(Reuters) -The International Olympic Committee (IOC) said on Monday it had awarded all media rights in Europe for the four Games from 2026-2032 to the European Broadcasting Union (EBU) and Warner Bros. Discovery.
The two media bodies bid jointly for the rights across 49 territories for the Milan and Cortina 2026 Winter Olympics, the 2028 Los Angeles Summer Games, the 2030 Winter Games and 2032 Brisbane Olympics.
The agreement guarantees free-to-air coverage on television and digital platforms through the EBU’s network of public service broadcasters, including the British Broadcasting Corporation (BBC).

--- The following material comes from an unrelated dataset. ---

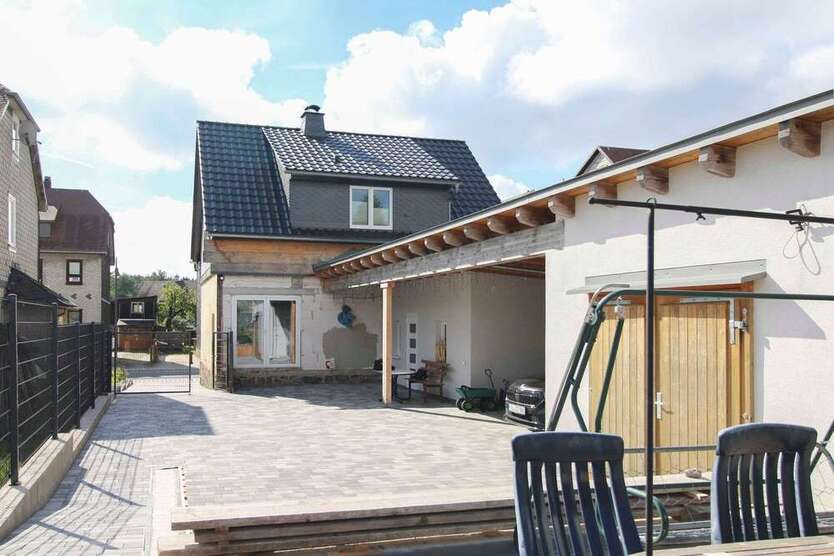 Haus zum Kaufen in Großbreitenbach 279.000 € 140 m²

The IOC said every EBU member will broadcast more than 200 hours of coverage of the Olympic Summer Games from 2026 and at least 100 hours of the Winter Games.

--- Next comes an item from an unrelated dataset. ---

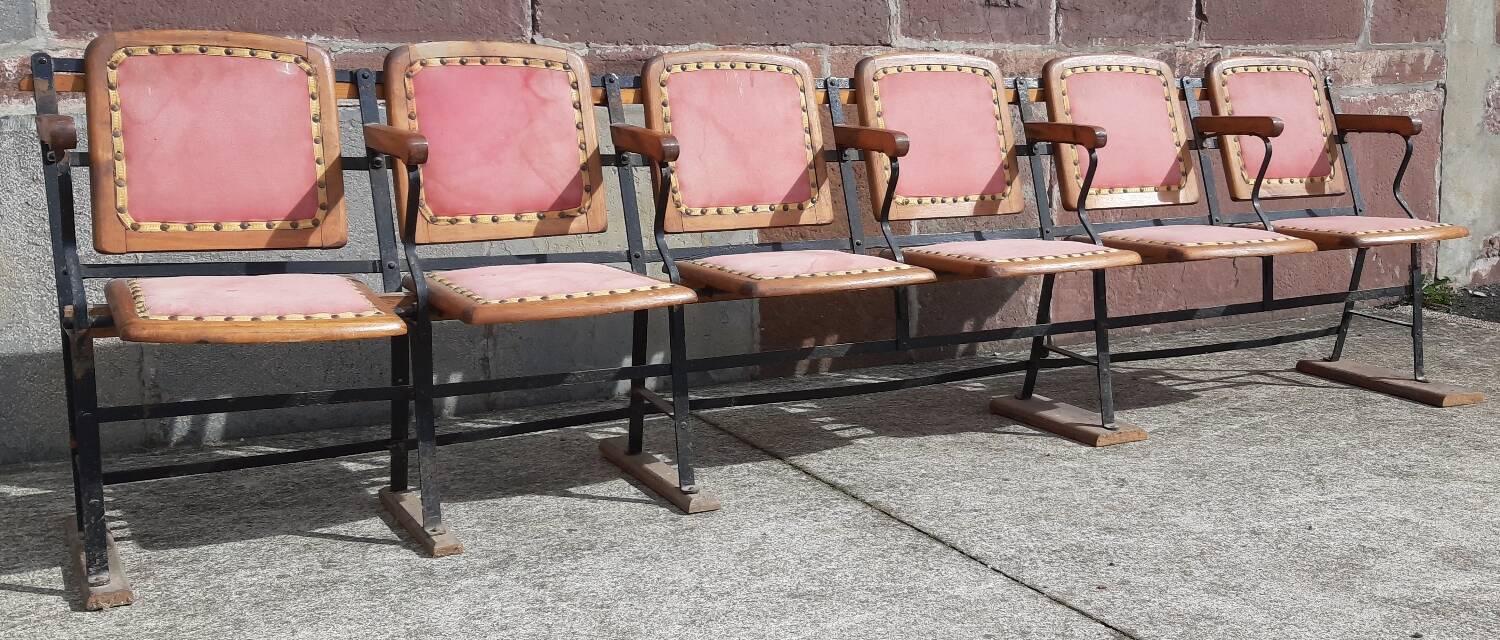 6-seater cinema seat.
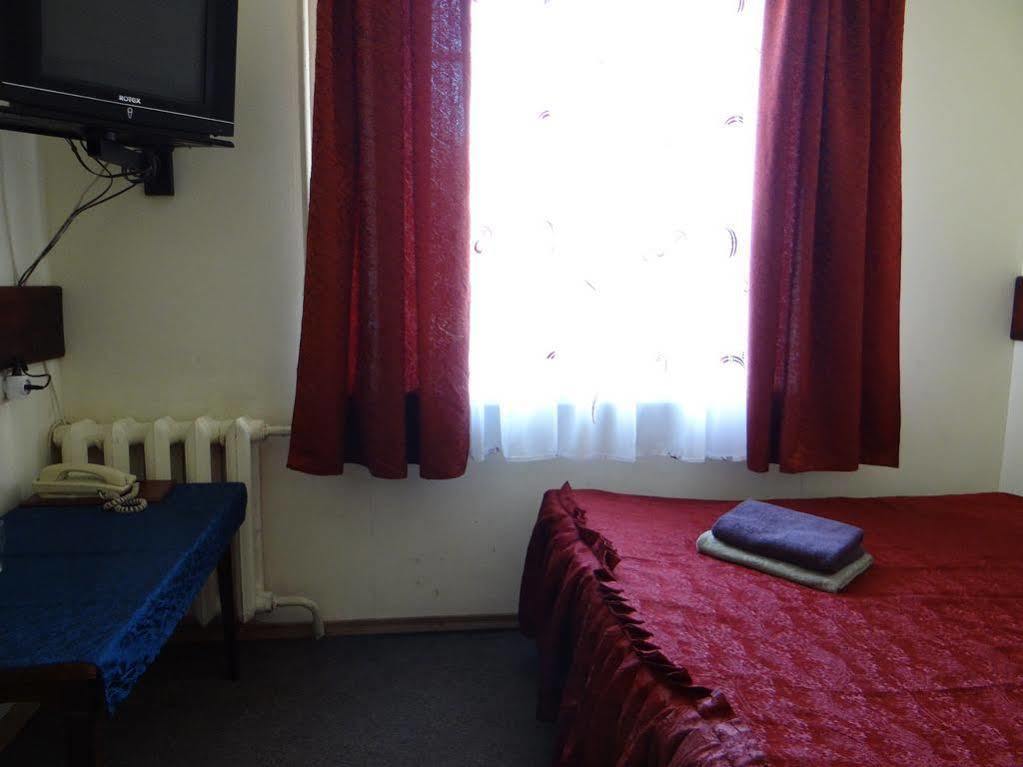 Hotel Desna Kut Kiev Ngoại thất bức ảnh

There will also be a broad range of radio coverage, live streaming and reporting across web, app and social media platforms.
“This deal is a game-changer for public service media and demonstrates the abiding strength and solidarity of our Union,” EBU President Delphine Ernotte Cunci said in a statement.

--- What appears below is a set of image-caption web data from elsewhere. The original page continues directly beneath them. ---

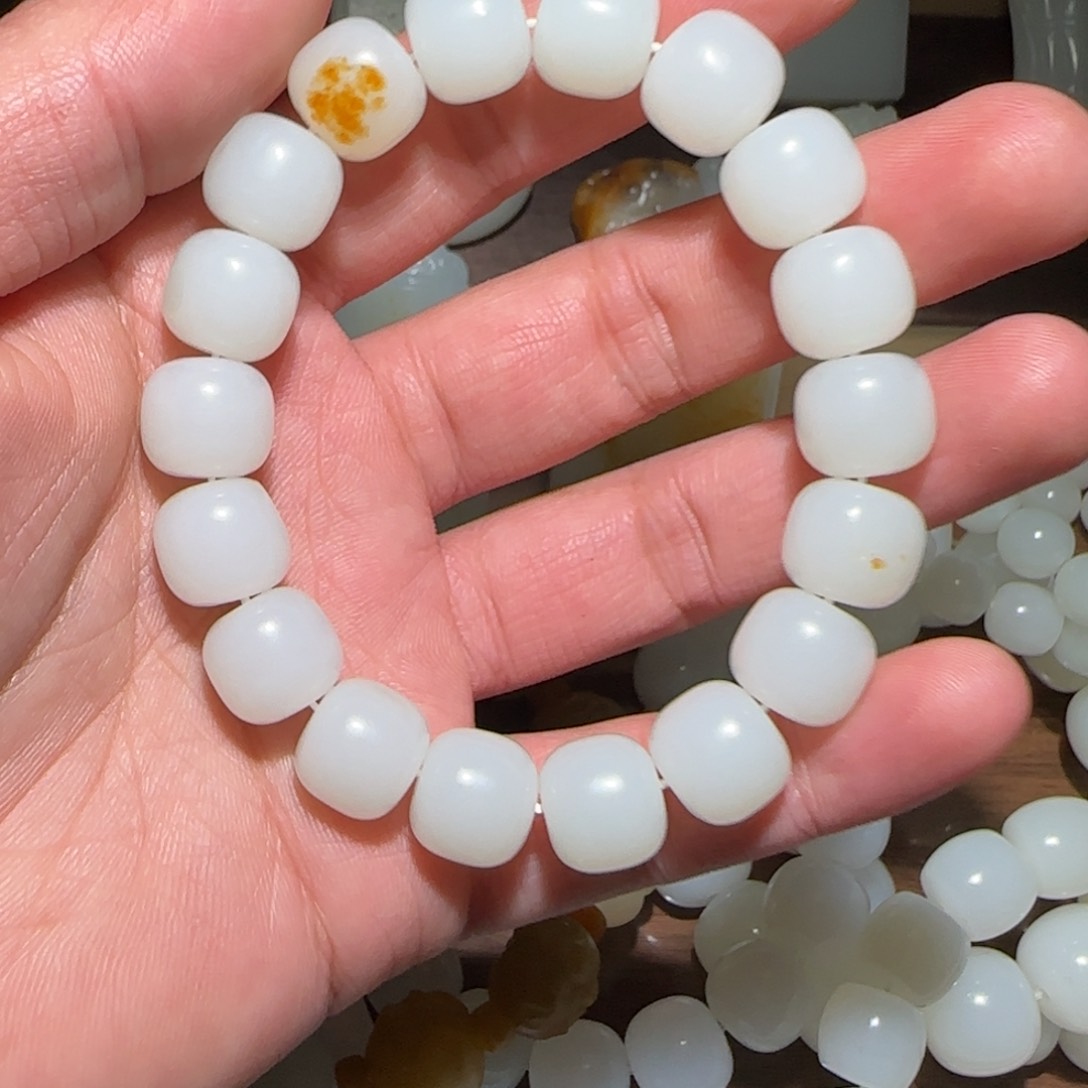 和田玉颈饰未镶嵌一****^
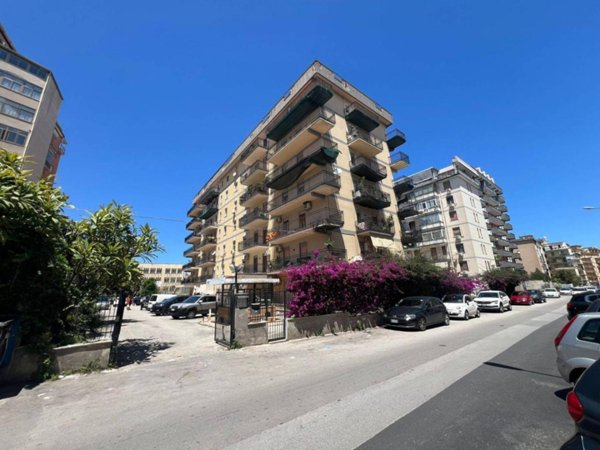 appartamento in vendita a Palermo in zona Montegrappa / Santa Rosalia
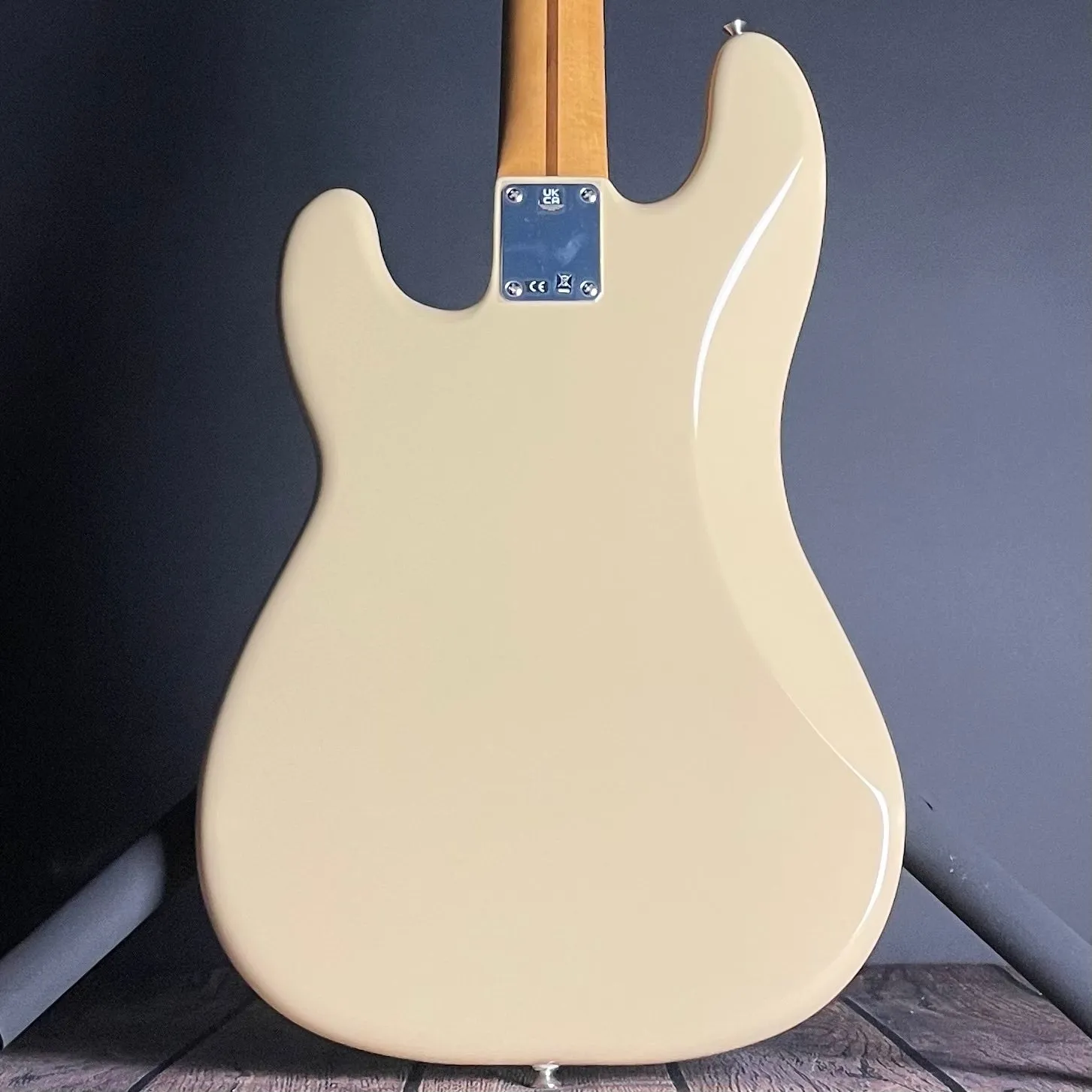 Fender Vintera II '50s Precision Bass, Maple Fingerboard- Desert Sand (MX23117308)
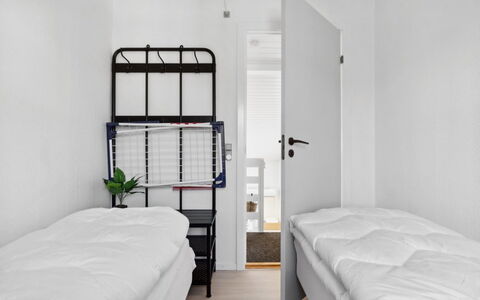 Hermanda - 100M to the Fjord: Slaapkamer, Interieur Ontwerp, Verdieping, Flooring, Bed, Stapelbed, Meubilair, Bedding, Laken, Bed Frame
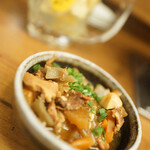 大衆炭火焼肉ジンギスカン ホルモン酒場 風土. - すじにこみ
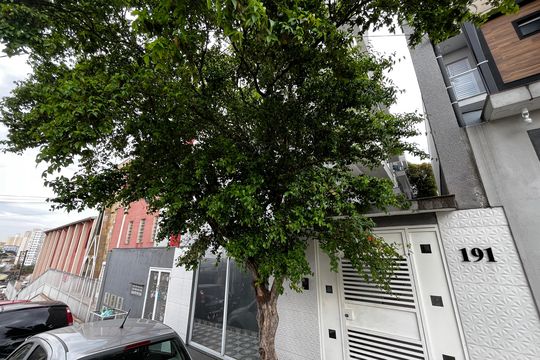 Fachada de apartamento para alugar com 1 quarto, 30m² em Vila Roque, São Paulo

“Through its members, the EBU has the potential to reach over 1 billion viewers across Europe via linear and non-linear platforms.”
Warner Bros. Discovery, which owns and operates Eurosport, will continue to present “every moment” of the Games on its streaming and digital platforms and hold full pay-TV rights.
U.S.-based Discovery Communications in 2015 agreed to pay 1.3 billion euros ($1.41 billion) for the European rights to screen the Olympics from 2018 to 2024.
Warner Bros Discovery Inc was formed last year by the merger of AT&T Inc’s WarnerMedia unit and Discovery Inc.
“We are delighted to have reached a long-term agreement with two of the world’s leading media companies,” said IOC president Thomas Bach.
“It demonstrates the ongoing appeal of the Olympic Games across Europe.”
“As the IOC redistributes 90% of the revenues it generates, this long-term agreement also provides critical financial stability to the wider sporting movement and ultimately supports the athletes themselves.”